From Ladies of the Evening to Society Socialites
In France, the small bulldogs were bred even further, resulting what they called a “French” look.
The ears became a little wider (bat ears), the noses were flattened, and the dog carried an air of sophistication with a hint of mischief. To this day, those bat ears are a breed standard in American dog shows.
They made the breed more consistent by making a dog with a small body, straight legs, and no tail.
French Bulldogs were a hit with everyday people who worked as butchers, cafe owners, and retail store owners. The craze for the French Bulldog could be seen in the arms of royalty and Parisian streetwalkers.
From France to America
There was no turning back. The French Bulldog was going places, including North America. The name hasn’t changed to this day.
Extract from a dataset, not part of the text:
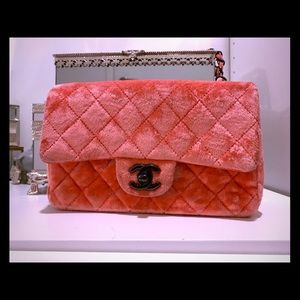 Coral quilted velvet new mini flap bag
They are the sweet companion dogs we still know as French Bulldogs.
The Art of the French Bulldog
In several of his paintings, the famous artist Toulouse Lautrec showed “Bouboule”, a Frenchie owned by Madame Palmyre, who ran a popular restaurant called “La Souris.”
Average French Bulldog Neck Size & Other Measurements
The average adult French Bulldog is considered a small-breed dog with the following measurements:
Average French Bulldog Neck Size
The average French Bulldog neck size is about 14 inches in circumference. Collar sizes range from 12 to 16 inches, or 30 to 40 cm.
The height of a French Bulldog is anywhere from 15.5 inches to as tall as 18.5 inches. That would be 39 – 47 cm.
The length of a French Bulldog falls between 18 inches and 21.5 inches. That would be 46-55 cm.
Height from the withers (shoulders)
When measuring a French Bulldog from the withers, you can expect him or her to be anywhere from 11 inches to 13 inches, or 28-33 cm.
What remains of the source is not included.